Support an EU framework fit for the decarbonization of the building stock including renewables on-site solutions

SolarPower Europe believes that the upcoming revision of the RED and the EPBD, together with the 2030 climate change and energy transition objectives represent a turning point for setting the basis of a future-oriented regulatory framework for the decarbonization of the building stock.

As storage, automation, or smart appliances, renewables on-site generation, and especially Building-Integrated Photovoltaic (BIPV) products contribute to transforming the building stock into a zero-emission and ultimately energy-positive sector. This is an essential step towards decarbonization, as the building sector is currently responsible for 36% of the EU’s CO2 emissions. BIPV products enable energy-positive building envelopes (roofs, façades, windows, …) by combining two functions:

  • Energy conservation as an element of the traditional building envelope, and
  • Energy production functions providing electricity to the building through solar energy

BIPV technologies have emerged in Europe where industry leadership remains until today. The sector is developing a variety of innovative products that are compatible with traditional design rules, and that perfectly complement the development of smart buildings and cities.

The stakeholders involved in the production and uptake of Building-Integrated Photovoltaic (BIPV) solutions are concerned by the current regulatory developments, which could be damaging to this sector.

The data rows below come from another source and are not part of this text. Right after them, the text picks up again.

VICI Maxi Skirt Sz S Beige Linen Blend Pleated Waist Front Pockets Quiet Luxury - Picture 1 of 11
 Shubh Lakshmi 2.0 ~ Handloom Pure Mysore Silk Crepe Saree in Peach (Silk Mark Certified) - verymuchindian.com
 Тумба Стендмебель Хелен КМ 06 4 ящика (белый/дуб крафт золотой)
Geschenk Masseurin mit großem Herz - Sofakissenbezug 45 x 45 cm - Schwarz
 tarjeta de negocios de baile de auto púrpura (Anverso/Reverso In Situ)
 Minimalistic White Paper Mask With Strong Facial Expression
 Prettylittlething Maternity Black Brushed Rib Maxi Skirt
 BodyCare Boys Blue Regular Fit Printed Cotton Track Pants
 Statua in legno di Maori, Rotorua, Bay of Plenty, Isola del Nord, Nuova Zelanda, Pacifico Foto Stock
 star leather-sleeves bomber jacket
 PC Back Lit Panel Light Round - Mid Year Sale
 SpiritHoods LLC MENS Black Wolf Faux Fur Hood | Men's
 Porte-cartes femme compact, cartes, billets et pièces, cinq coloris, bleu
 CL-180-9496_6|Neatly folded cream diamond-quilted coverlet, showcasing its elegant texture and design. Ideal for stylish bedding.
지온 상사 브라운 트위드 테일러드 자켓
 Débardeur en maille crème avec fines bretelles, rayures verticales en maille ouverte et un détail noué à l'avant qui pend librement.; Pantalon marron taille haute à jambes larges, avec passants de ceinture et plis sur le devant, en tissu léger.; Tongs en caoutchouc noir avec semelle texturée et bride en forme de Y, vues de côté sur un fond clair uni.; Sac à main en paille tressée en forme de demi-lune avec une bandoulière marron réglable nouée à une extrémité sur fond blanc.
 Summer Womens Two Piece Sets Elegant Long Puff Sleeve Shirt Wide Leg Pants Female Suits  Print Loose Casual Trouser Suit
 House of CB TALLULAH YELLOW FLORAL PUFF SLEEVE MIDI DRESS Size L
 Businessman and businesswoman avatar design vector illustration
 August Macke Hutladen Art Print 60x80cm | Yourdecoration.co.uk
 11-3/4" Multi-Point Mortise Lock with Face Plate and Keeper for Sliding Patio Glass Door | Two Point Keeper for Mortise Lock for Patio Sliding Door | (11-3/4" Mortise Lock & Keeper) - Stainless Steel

The cost-optimal principle related to construction products privileges mature technologies like insulation, which are far advanced in their learning curve. This could lead to an over-weighted use of traditional solutions and create a lock-in effect preventing innovation. The development of innovative sectors like BIPV, which are currently a niche market could be damaged by a strict application of the cost-optimality principle. It would impede the economies of scale effects that would lower the price of these emerging solutions. Mid and long-term impacts must be considered: comfort of occupants; aesthetics of buildings; contribution to a decarbonized and flexible electricity system; EU’s industrial competitiveness; opportunity costs and local job creation.

Specific consideration of innovative products such as energy-positive building envelopes providing both traditional and energy-production functions is key to safeguard this important market in Europe. Encouraging Member States to provide a positive factor for these products in the calculation of energy performance of buildings can make a real difference for these innovative European solutions to emerge.